Saved data entries
▽

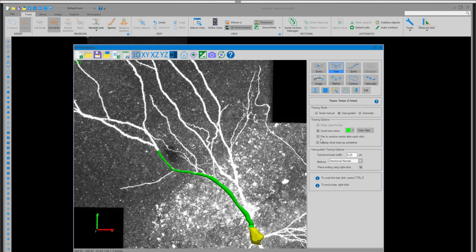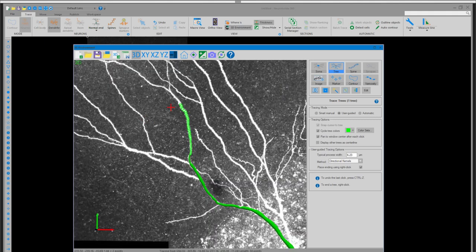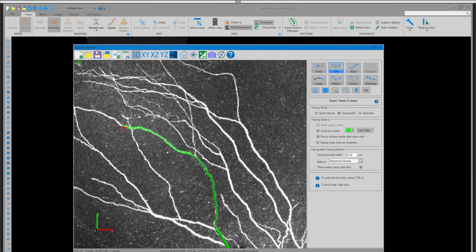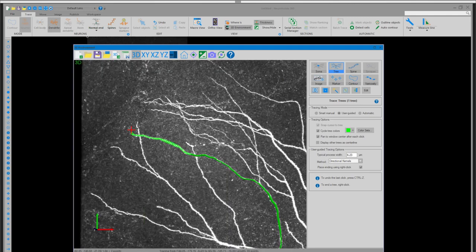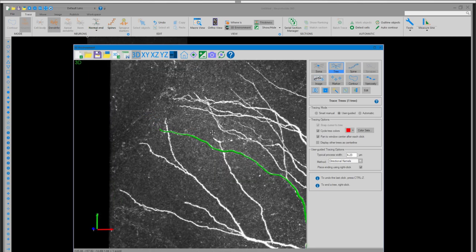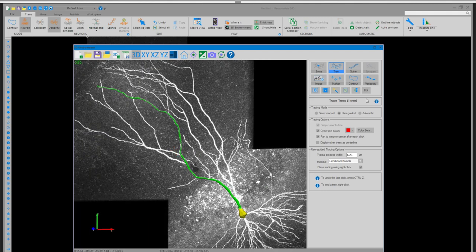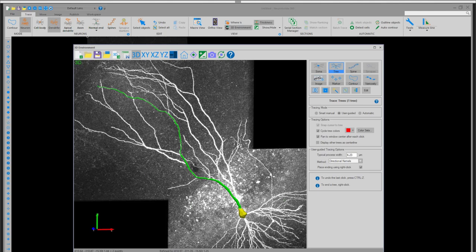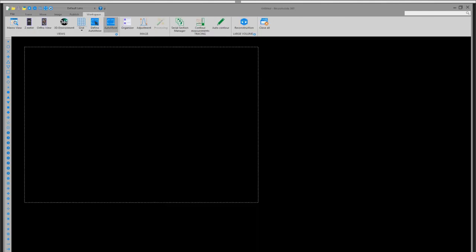Another quick feature is pan-to-window-center, which allows an automatic move within the 3D environment based on your last mouse click — so you no longer have to manually pan through the image. Now let's jump into the Large Volume Reconstruction mode. There are some questions coming in about working from home, and LVR is something to highlight right now.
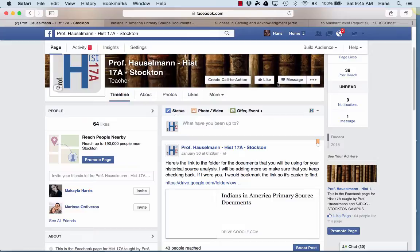Hello everyone, this is Professor Hasselman. I've gotten a lot of emails from students and questions about the historical source analysis and the documents that you're supposed to be using. So I'm going to give you a quick tutorial on how to find those on Facebook, and I'll also be sending out an email with the link to the folders page as well. So let's take a look here.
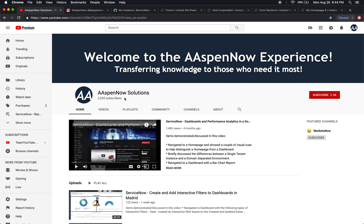My name is Jason Miller, founder of Aspen Now Solutions. We're about to unlock the power of ServiceNow. Let's start off by thanking all 2,355 subscribers in over 80 countries globally. If you believe in transferring knowledge to those who need it most, please click subscribe. Your user data will not be transferred to anyone outside of Aspen Now without your consent.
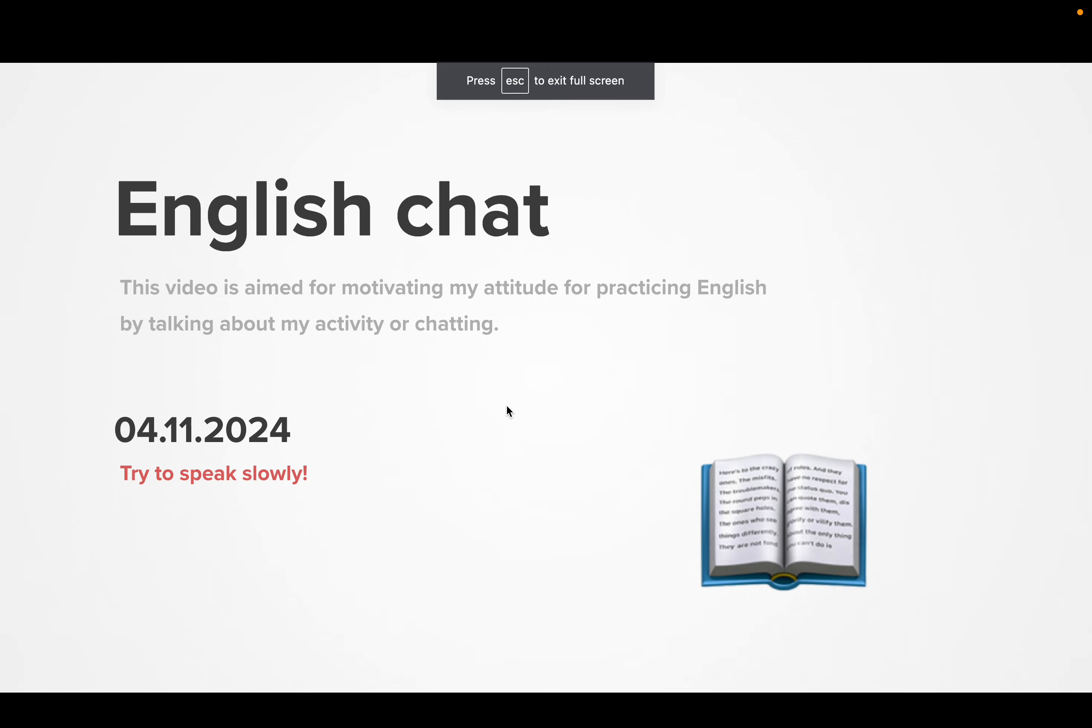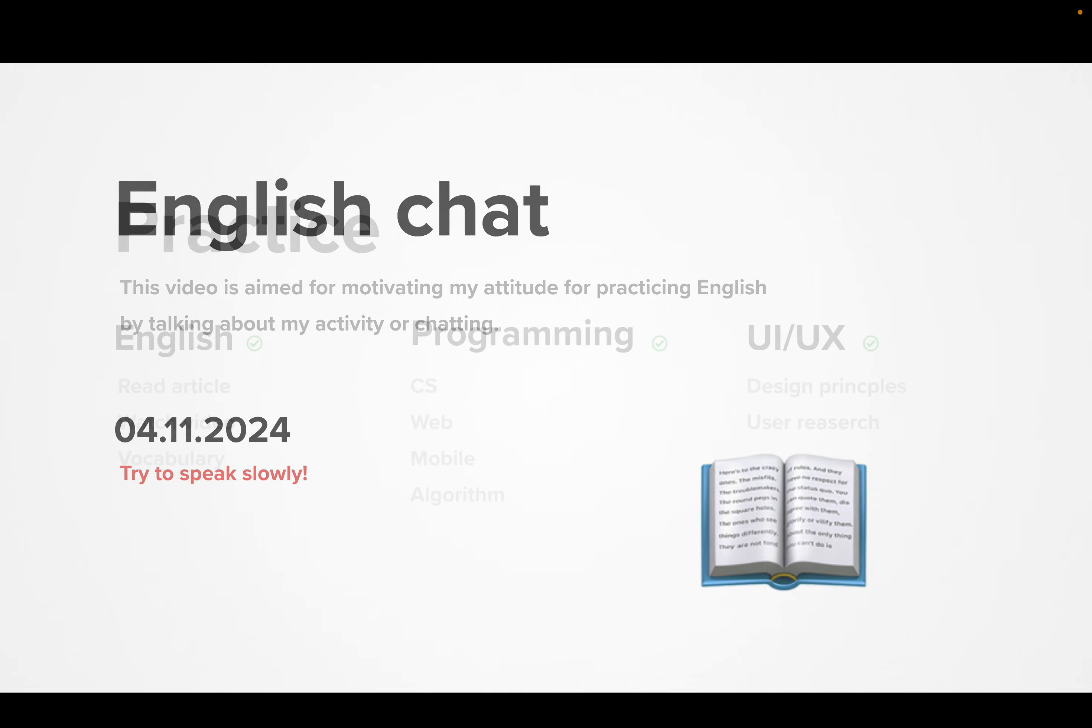Hey, today's my English talking. Today is April 11, 2024.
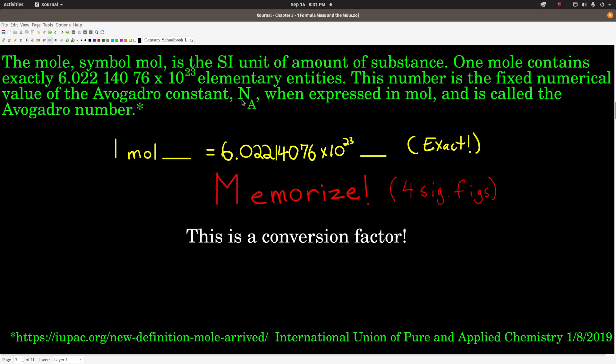This number is called Avogadro's number; the symbol is N sub A. Just remember that when we use 6.022 times 10 to the 23rd, that is not an exact number. If we need more sig figs we can always use the full value — that full number is exact. This makes it a conversion factor: we can convert between moles of something and numbers of things. One mole of whatever is equal to Avogadro's number of that thing.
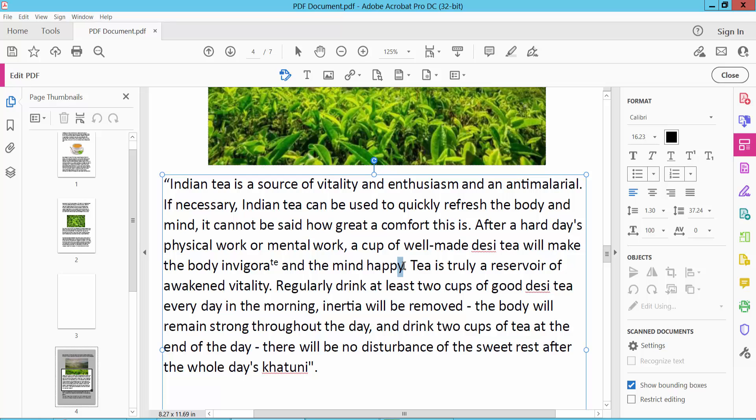Also make this text subscript. Click on this subscript icon and see this text already made subscript.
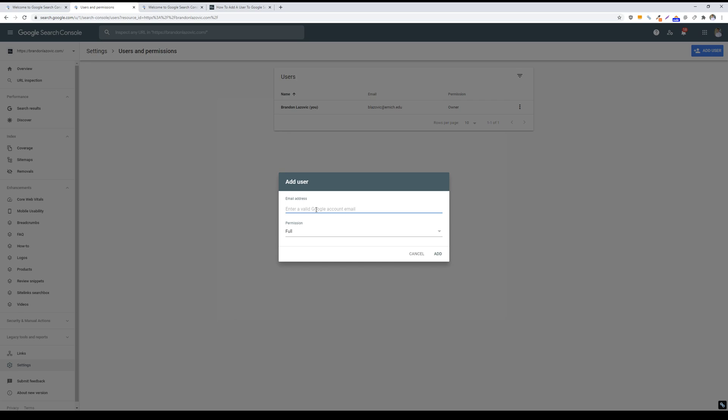So you will then enter your email address for the user that you want to add to the account, and then you will also select the permission. You can either give them full permissions, which gives them basically full access to the search console account and the ability to do things such as submit XML sitemaps, check backlinks, handle or tackle manual penalty requests, things of that nature.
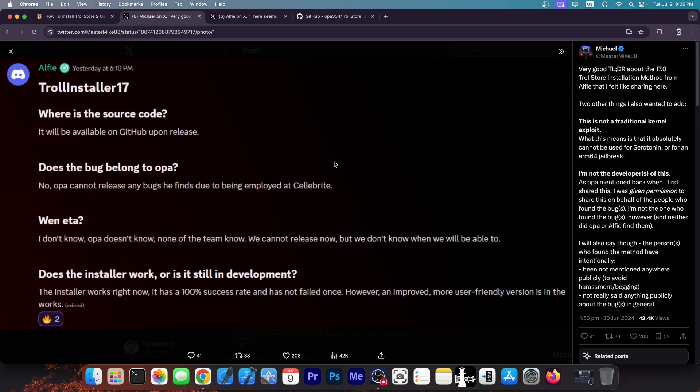However, the information about this installation method is very cryptic. Nobody's saying anything, either because they don't want developers to be harassed or because the vulnerabilities that are actually used in it are currently not public domain.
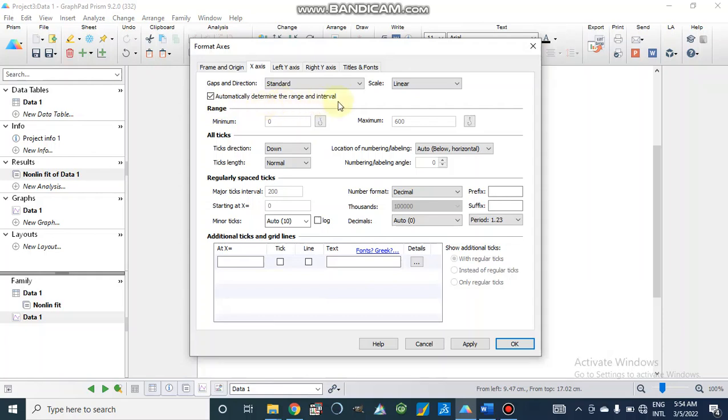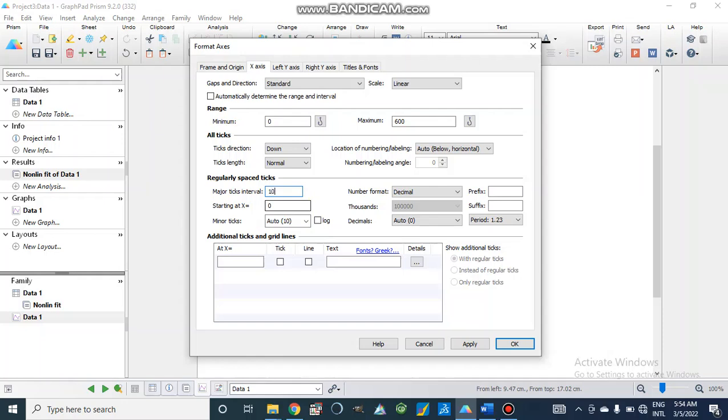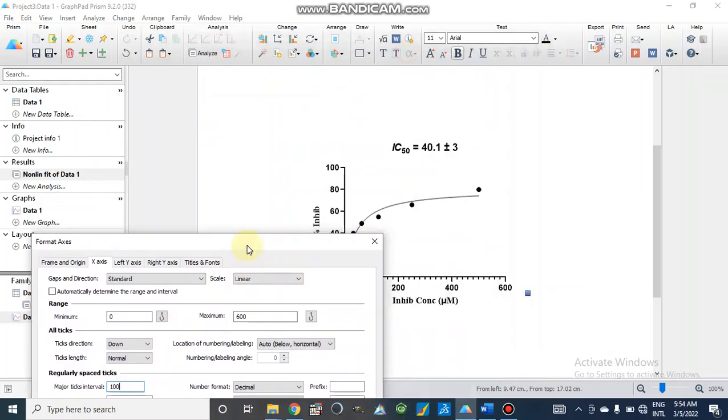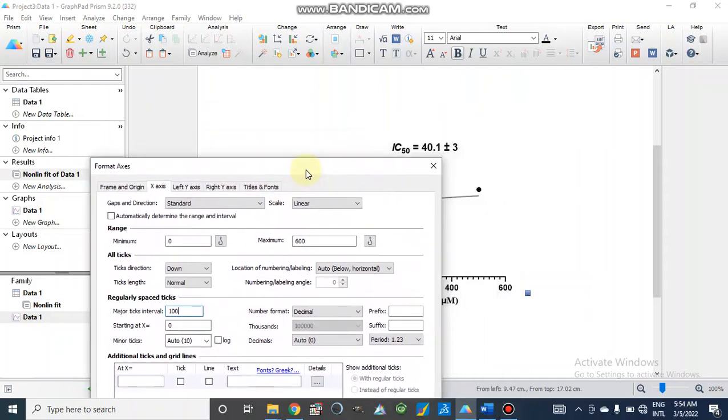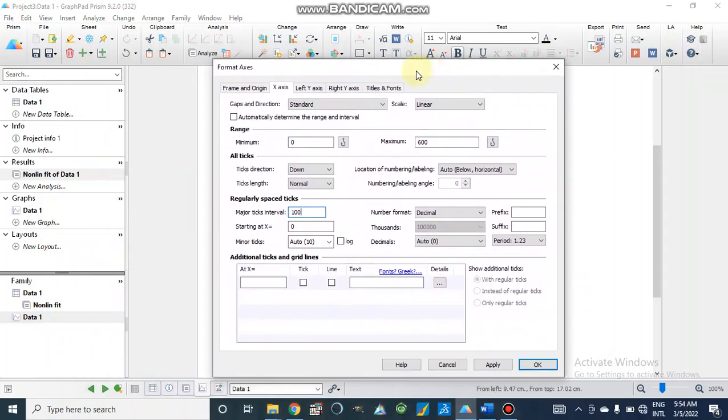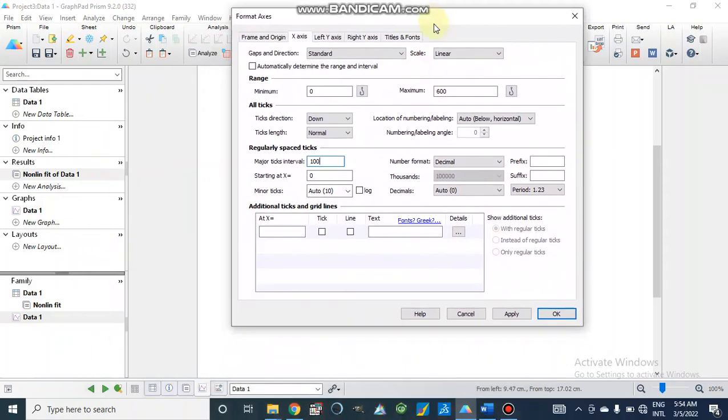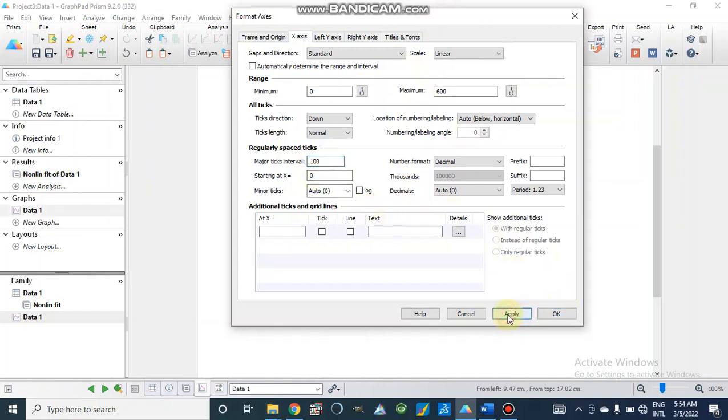Determine the range and interval or we can choose by our own. That is major tick intervals. I am going to make 50 or 100, we can take 100 tick intervals. And minimum range to maximum is 600. Let's suppose 600 is more, we can also select 500 in which our data lies. So here we will go to Apply.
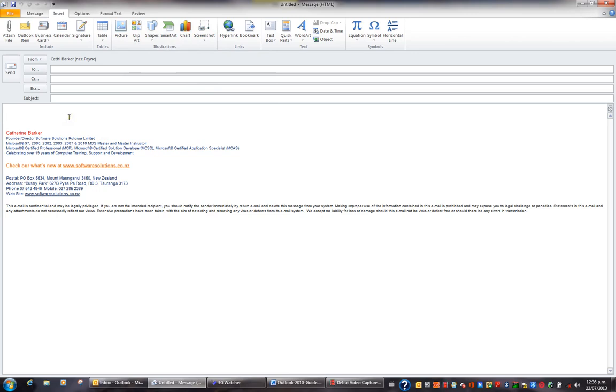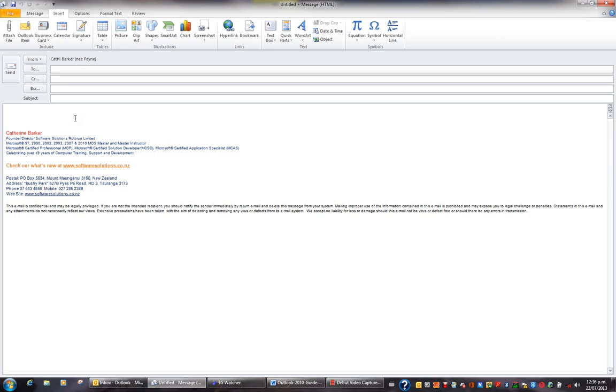So what we're going to do is look at how we can insert these various types of illustrations and then modify them in the context of an email. But it's exactly the same as how you would do this in Word, PowerPoint or any other Microsoft program.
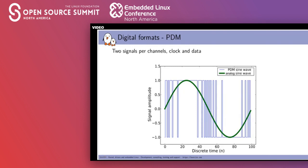Finally there is PDM — a completely different format with only two signals per channel. It's not unusual for digital microphones, and we're starting to see it more and more, especially with voice assistants like Alexa or Google Assistant that use microphone arrays. PDM encodes audio differently: the pulse width is dependent on the analog level.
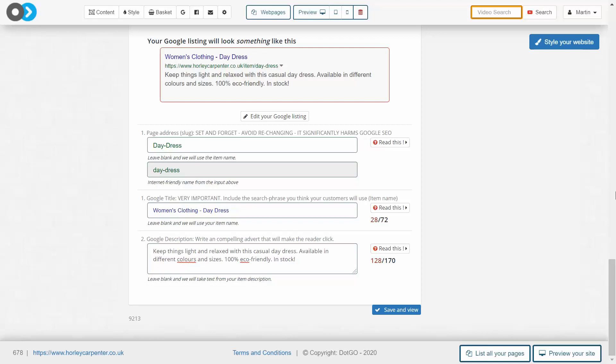This gives your e-commerce website a far greater chance of ranking highly on Google. You should now watch our video on slugs if you haven't already to learn more about editing a page's SEO. I hope that video was helpful for you, and I look forward to speaking with you again soon.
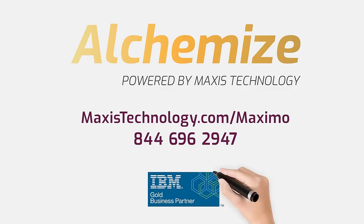For more information about how Maxis can streamline migrating your Maximo to the cloud, visit maxistechnology.com/Maximo or call 844-696-2947.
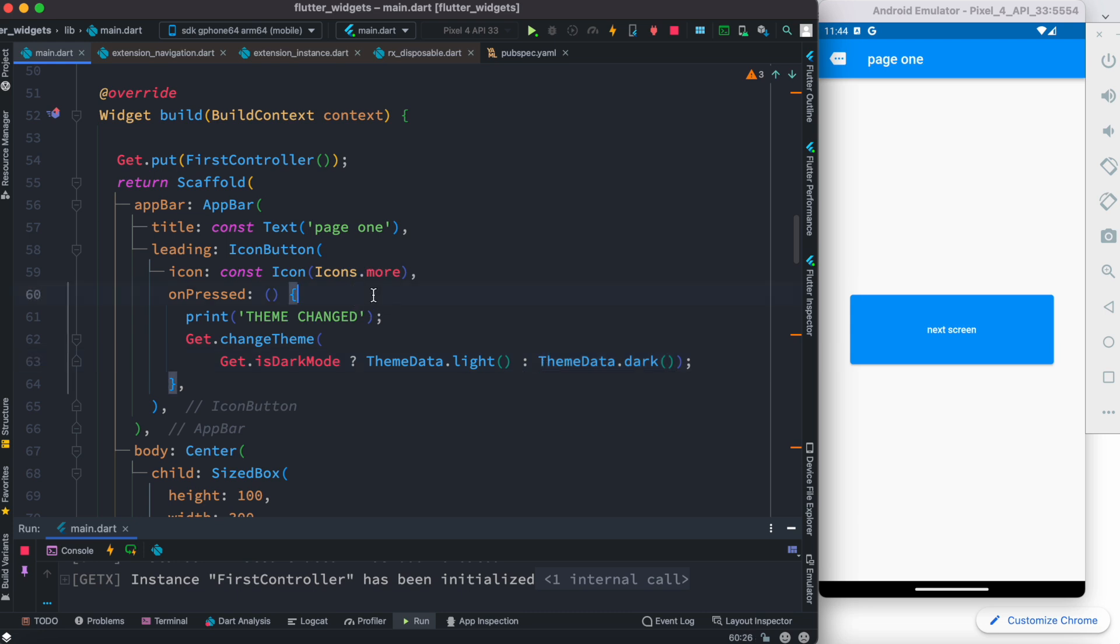Now remember this is inside the onPressed event so we are reading whether it is true or false. But by default our app has light mode enabled, right? So this is going to return false.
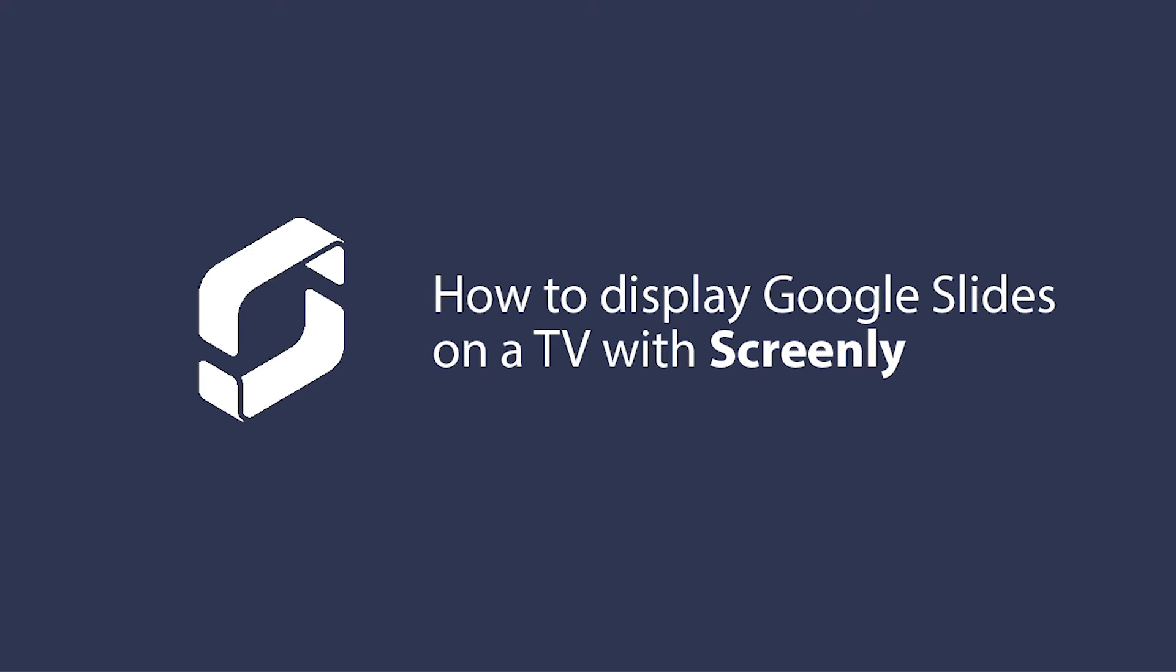In this video, we go over how to display Google Slides on a TV with Screenly.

△

## Assignment
Your task is to print exactly the lines from the one containing "For more information" through the final line of the records above, with no pictures and nothing more.

## Answer to this problem
For more information about how Maxis can streamline migrating your Maximo to the cloud, visit maxistechnology.com/Maximo or call 844-696-2947.
Now remember this is inside the onPressed event so we are reading whether it is true or false. But by default our app has light mode enabled, right? So this is going to return false.
In this video, we go over how to display Google Slides on a TV with Screenly.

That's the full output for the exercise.